- Born: 1889
- Died: 17 March 1967 (aged 77–78)

Academic background
- Alma mater: University of Leeds

Academic work
- Discipline: Geographer
- Institutions: University of Southampton

= Florence Clark Miller =

British geographer and academic

Florence Clark Miller (1889-17 March 1967) was a British geographer and academic.

==Early life and education==

Miller was born in 1889. Her first degree was in History from the University of Leeds; she graduated in 1911 and became a school teacher.

==Career==

In 1921 she became lecturer in geography at the University College of Southampton. She was warden of Montefiore Hall and in the 1920s "had the difficult task of encouraging all those women students whose homes were in Southampton to take full part in the life of the University College". In 1929 she was one of the organisers of an exhibition organised by the Southampton Geographical Association, with the aim of supporting teachers to be informed about developments in geographical science. Miller gave financial support to the student geography society. During the Second World War, she taught map-reading to Royal Air Force personnel.
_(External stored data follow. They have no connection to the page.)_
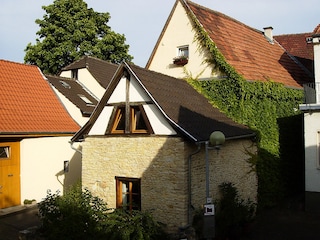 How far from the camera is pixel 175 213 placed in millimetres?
9914

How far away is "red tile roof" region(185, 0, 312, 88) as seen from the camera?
585 inches

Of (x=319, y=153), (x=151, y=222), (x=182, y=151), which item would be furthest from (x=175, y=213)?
(x=319, y=153)

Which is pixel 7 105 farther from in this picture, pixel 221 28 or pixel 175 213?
pixel 221 28

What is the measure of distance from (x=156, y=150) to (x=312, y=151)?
21.1 ft

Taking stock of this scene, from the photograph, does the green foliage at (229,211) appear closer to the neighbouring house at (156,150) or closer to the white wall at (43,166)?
the neighbouring house at (156,150)

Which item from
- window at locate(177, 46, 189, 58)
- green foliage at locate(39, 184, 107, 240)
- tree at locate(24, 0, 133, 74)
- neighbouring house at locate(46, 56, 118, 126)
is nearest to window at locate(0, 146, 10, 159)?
green foliage at locate(39, 184, 107, 240)

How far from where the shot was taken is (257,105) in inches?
555

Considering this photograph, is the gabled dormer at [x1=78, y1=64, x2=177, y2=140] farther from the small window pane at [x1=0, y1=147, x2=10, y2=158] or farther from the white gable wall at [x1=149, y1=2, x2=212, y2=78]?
the white gable wall at [x1=149, y1=2, x2=212, y2=78]

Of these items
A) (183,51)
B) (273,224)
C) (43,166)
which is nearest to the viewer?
(273,224)

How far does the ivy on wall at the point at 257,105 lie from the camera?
13562mm

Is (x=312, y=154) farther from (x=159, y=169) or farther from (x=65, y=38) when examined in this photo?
(x=65, y=38)

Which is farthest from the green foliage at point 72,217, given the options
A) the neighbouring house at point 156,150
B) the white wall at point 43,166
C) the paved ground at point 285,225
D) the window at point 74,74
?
the window at point 74,74

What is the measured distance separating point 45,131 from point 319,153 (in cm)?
1108

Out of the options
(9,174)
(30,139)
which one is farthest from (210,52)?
(9,174) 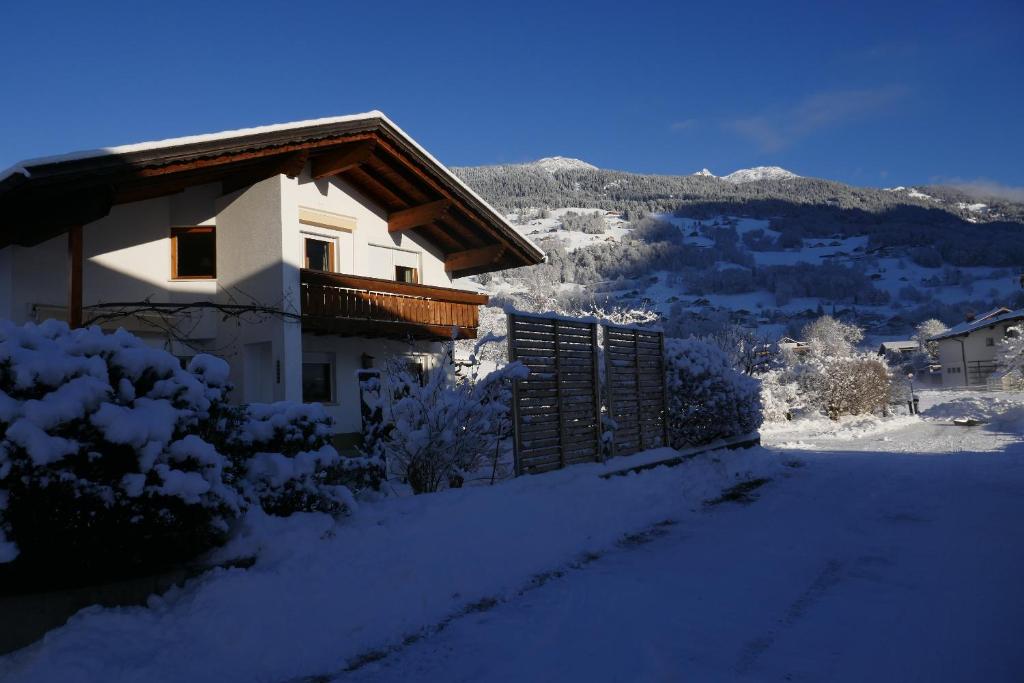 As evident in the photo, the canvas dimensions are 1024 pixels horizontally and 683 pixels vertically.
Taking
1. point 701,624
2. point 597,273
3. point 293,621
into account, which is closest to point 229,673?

She was appointed as senior lecturer in 1945, and in 1949 the department of geography split from the department of economics and Miller became head of the new department. She was one of the founding members of Southampton University's senate. Miller retired in 1954 and died in 1967.

==Legacy==

Miller was described as "a most original teacher who caught and easily held the minds of students". The University of Southampton awards an annual Florence Miller prize in geography in her memory, established in 1998.

Miller was interested in local history, and continued to work on this during her retirement.

==Publications==

- "Early Maps of China and the Mediterranean", 1921, in The Geographical Teacher, volume 11.
- "Miss K.C. Boswell", 1954, in Geography, volumes 37-8 (obituary of her colleague).